[[ Records for the task open ]]

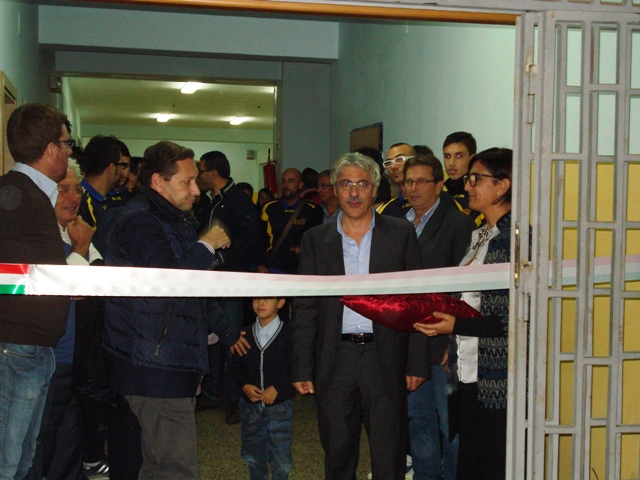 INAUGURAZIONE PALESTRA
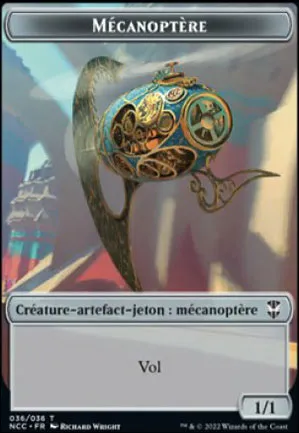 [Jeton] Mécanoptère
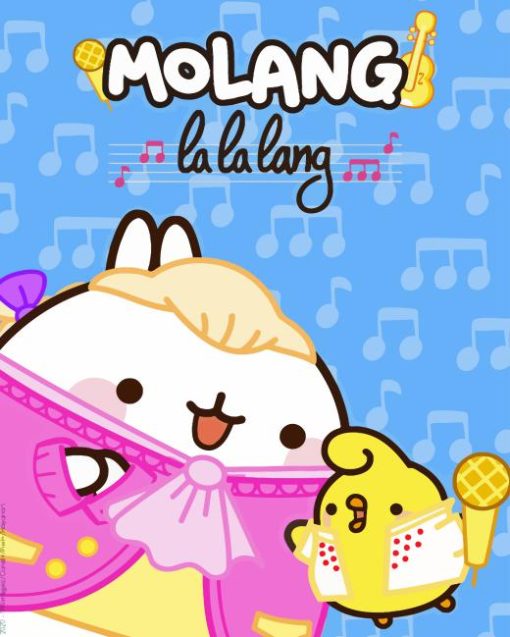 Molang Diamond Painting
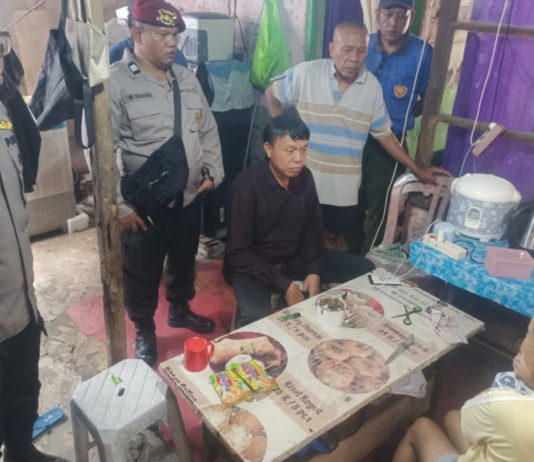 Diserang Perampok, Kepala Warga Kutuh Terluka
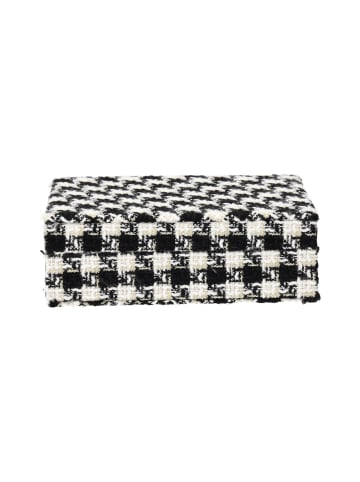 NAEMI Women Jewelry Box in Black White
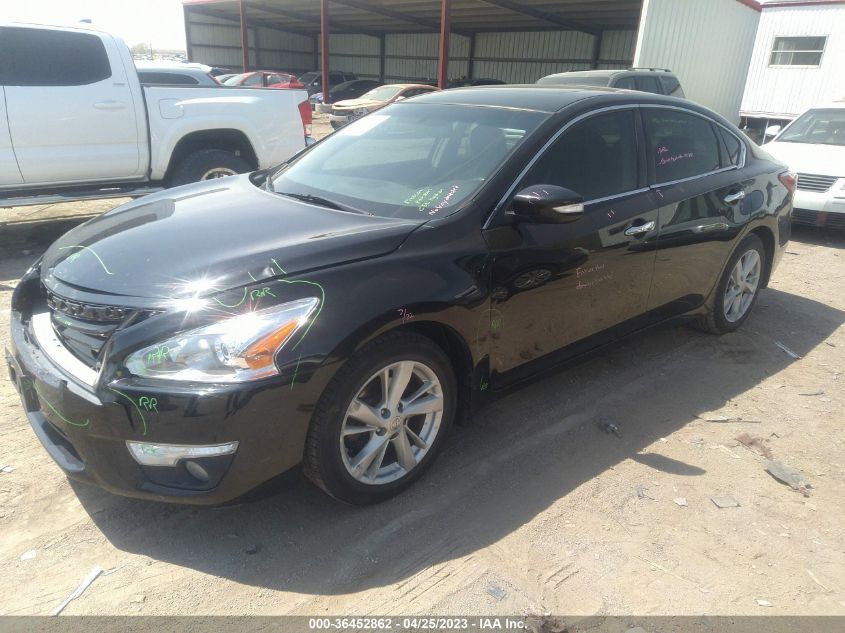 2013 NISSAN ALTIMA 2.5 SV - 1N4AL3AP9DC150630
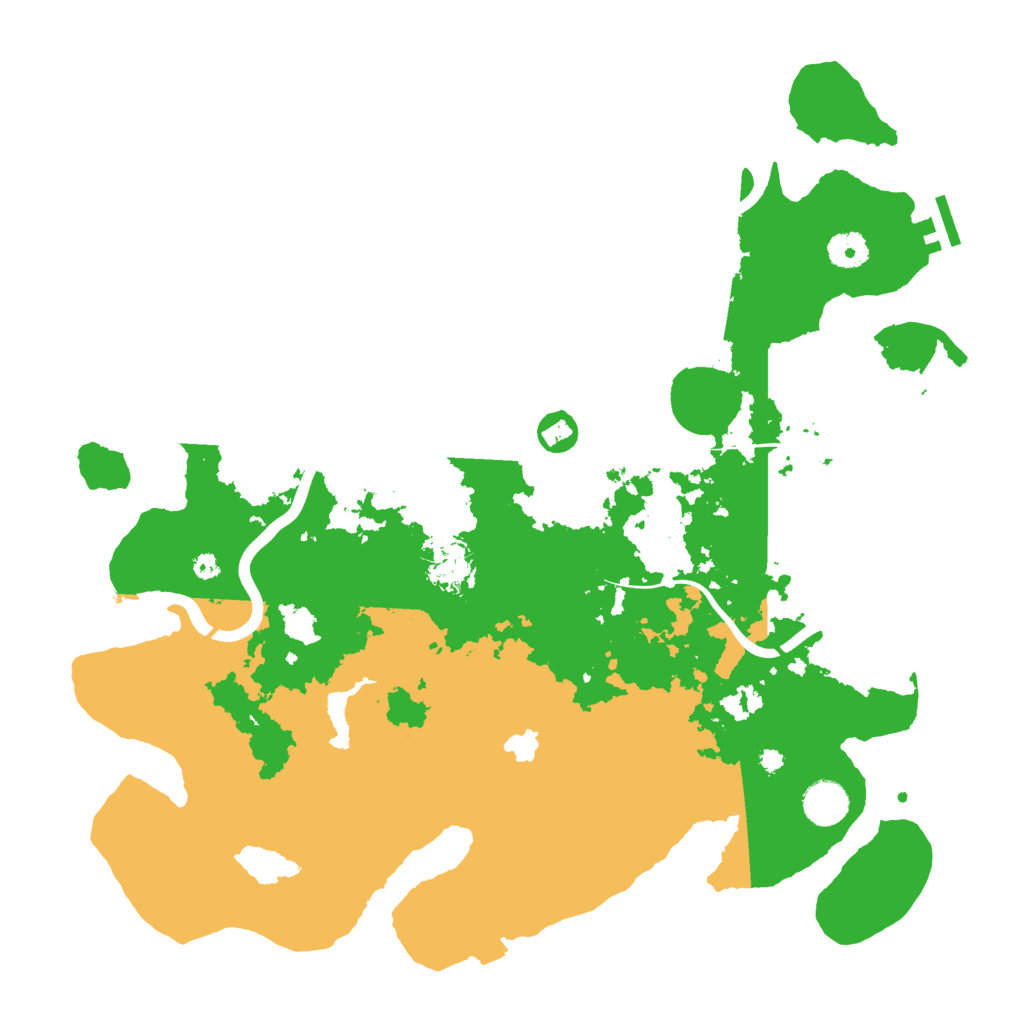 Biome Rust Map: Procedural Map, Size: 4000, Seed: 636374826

[[ Records for the task closed ]]

**Prompt:** Return all the records exactly. Skip the pictures.

**Answer box:**
 INAUGURAZIONE PALESTRA
 [Jeton] Mécanoptère
 Molang Diamond Painting
 Diserang Perampok, Kepala Warga Kutuh Terluka
 NAEMI Women Jewelry Box in Black White
 2013 NISSAN ALTIMA 2.5 SV - 1N4AL3AP9DC150630
 Biome Rust Map: Procedural Map, Size: 4000, Seed: 636374826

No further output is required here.